Role-based access: only users with role='coach' can access
Soft-delete pattern: end_date controls active relationships
Coaches only see their own linked clients

External Service Integrations

Google OAuth2 / Identity

Attribute	Value
Purpose	User authentication
Scopes	`openid`, `email` (basic) or + `gmail.readonly` (full)
Trust Basis	Industry-standard OAuth2 provider
Risk Level	Medium

Justification: Required for core functionality. Google is a trusted OAuth provider with robust security practices.

Gmail API

Attribute	Value
Purpose	Read job-related emails
Scope	`gmail.readonly`
Access Pattern	Filtered queries only
Trust Basis	User-authorized, read-only access
Risk Level	Medium

Justification: Core feature requirement. Scope is minimized to read-only. Queries are filtered to job-related domains/keywords before fetching.

Google Gemini API

Attribute	Value
Purpose	Email classification
Data Sent	Email content for analysis
Trust Basis	Paid API with contractual data protection
Risk Level	Medium

Justification: Enables automated classification without building custom ML. Paid tier contractually prohibits training on customer data.

Stripe

Attribute	Value
Purpose	Payment processing
Data Sent	User ID (in metadata), payment amounts
Trust Basis	PCI-DSS compliant payment processor
Risk Level	High (payment data)

Justification: Industry-standard payment processor.
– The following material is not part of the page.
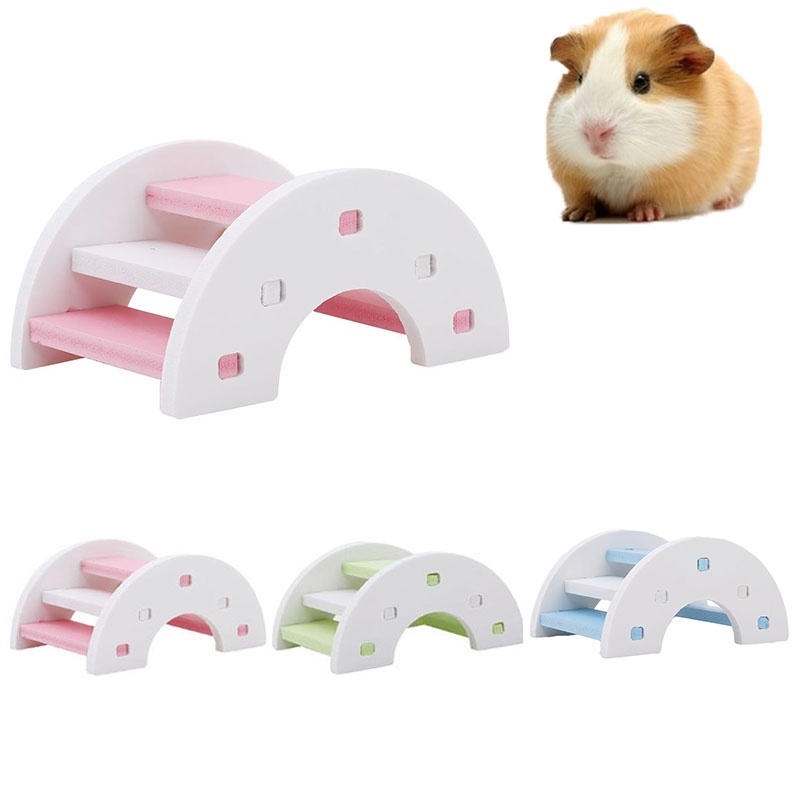Thang Gỗ Cho Chuột Hamster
No card data handled by our servers. Webhook signature verification ensures event authenticity.

PostHog

Attribute	Value
Purpose	Usage analytics
Data Sent	Page views, feature usage events
Trust Basis	Privacy-focused analytics platform
Risk Level	Low

Justification: Helps improve product. Routed through first-party proxy to reduce tracking concerns. Optional for core functionality.

Security Controls

Authentication & Session Management

Control	Implementation	Location
CSRF Protection	OAuth state parameter	`auth_routes.py:63-78`
Session Validation	Cookie + server-side match	`session_layer.py:41-90`
Secure Cookies	`__Secure-` prefix in production	`cookie_utils.py`
Token Refresh	Proactive refresh at 5-min threshold	`session_layer.py:120-133`
Inactive User Blocking	`is_active` flag check	`session_layer.py:77-87`

Rate Limiting

Endpoint	Limit
`/auth/google`	10/minute
`/processing/start`	5/minute
`/stripe/webhook`	100/minute
Most endpoints	10-30/minute

Encryption

Data	Method	Key Management
OAuth tokens (DB)	Symmetric AWS KMS	`AWS_KMS_*` env var

Data Classification

All sensitive data is classified into protection levels with corresponding security controls.

Classification Levels

Level	Description	Examples
CRITICAL	Encryption keys, API secrets	`AWS_KMS_`, `STRIPE_SECRET_KEY`
HIGH	OAuth tokens, credentials	Refresh tokens, access tokens
MEDIUM	PII (emails, payment IDs)	User email, Stripe customer ID
LOW	Application metadata	Company name, job title, application status
PUBLIC	Non-sensitive data	Application version, feature flags

Protection Requirements Matrix

Each classification level has specific requirements across five security dimensions:

Level	Encryption at Rest	Encryption in Transit	Integrity	Retention	Access Control
CRITICAL	N/A (not stored)	TLS (1.2 preferred)	Fail-fast validation	Rotate annually minimum	Infrastructure team only
HIGH	Required (Fernet AES-128)	TLS (1.2 preferred)	Decrypt validation	Until account deletion	User-scoped, system processes
MEDIUM	Not required	TLS (1.2 preferred)	Schema validation	Until account deletion	User-scoped, authorized coaches
LOW	Not required	TLS (1.2 preferred)	Schema validation	Until account deletion	User-scoped, authorized coaches
PUBLIC	Not required	TLS recommended	None	No restriction	No restriction

Note: AWS Lightsail container services support TLS 1.0, 1.1, and 1.2. TLS 1.2 is negotiated by default with modern browsers. TLS version cannot be restricted at the container service level without adding a Lightsail Distribution.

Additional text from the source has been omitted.